With the unprecedented growth-rate at which data is being collected and stored electronically in almost all fields of human endeavor, the efficient and responsible extraction of useful information from data has become a crucial scientific challenge and a critical economic need. In the early 1990’s, Rakesh and his team began devising algorithms for asking open-ended queries, eventually authoring a 1993 paper on association rule discovery that later became the foundational paper for the field of knowledge discovery and data mining. Association rule discovery is a data mining approach to find unexpected patterns in large data sets. Rakesh is fondly referred to as the father of data mining because of this seminal work and other fundamental data mining concepts and technologies he devised. It is noteworthy that the ACM SIG on Knowledge Discovery and Data Mining awarded its inaugural Innovations Award for outstanding technical contributions to the field to Rakesh. Four of his papers on data mining have received “test-of-time” awards: two from SIGMOD and one each from VLDB and ICDE.

It is rare that a researcher’s work creates not only a product, but a whole new industry. IBM’s data mining product, Intelligent Miner, grew straight out of Rakesh’s research. IBM’s introduction of Intelligent Miner and associated services created a new category of software and services. His research has been incorporated into many other commercial products, including DB2 Mining Extender, DB2 OLAP Server, WebSphere Commerce Server, and Microsoft Bing Search engine, as well as many research prototypes and applications.

Subsequently, Rakesh and his team pioneered key concepts in data privacy, including Hippocratic Database, Privacy-Preserving Data Mining, and Sovereign Information Sharing. In a series of papers, the Hippocratic database work laid out the principles, architecture, and technologies for a database system that included the responsibility for privacy of data as a founding tenet. The privacy-preserving data mining work invented techniques for building accurate decision models without accessing precise information in individual data records. The sovereign information sharing work allows autonomous entities to apply database operations across private databases in such a way that no information apart from the result is revealed. These bodies of work have gained increasing importance given the emergence of cloud computing and well-publicized inadvertent and intentional misuse of data collections. In recognition, SIGMOD 2014 selected one of his data privacy related papers to receive the test-of-time award.

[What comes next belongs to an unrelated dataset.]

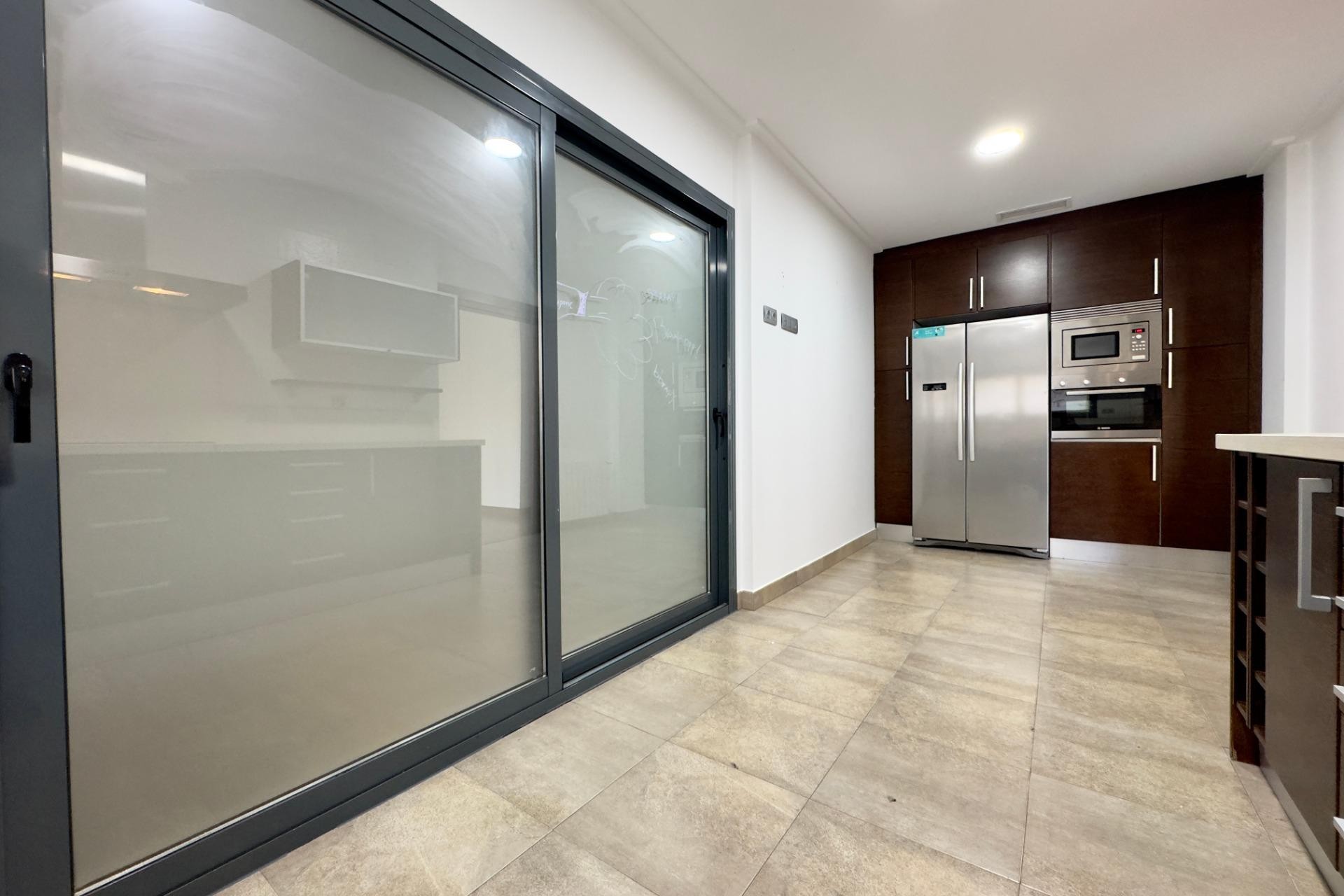 Revente - Appartement - Elche - Porcelanosa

Recently, Rakesh and colleagues have been furthering and applying data mining in a very innovative and novel way to enhance electronic textbooks and online education. This body of work has already provided technologies for algorithmically identifying deficient sections in a textbook, augmenting textbooks with rich content in multiple format mined from the Web, and forming study teams with the goal of maximizing overall learning. Given the criticality of high quality education for success in modern society, this body of work is destined to gain increasing importance.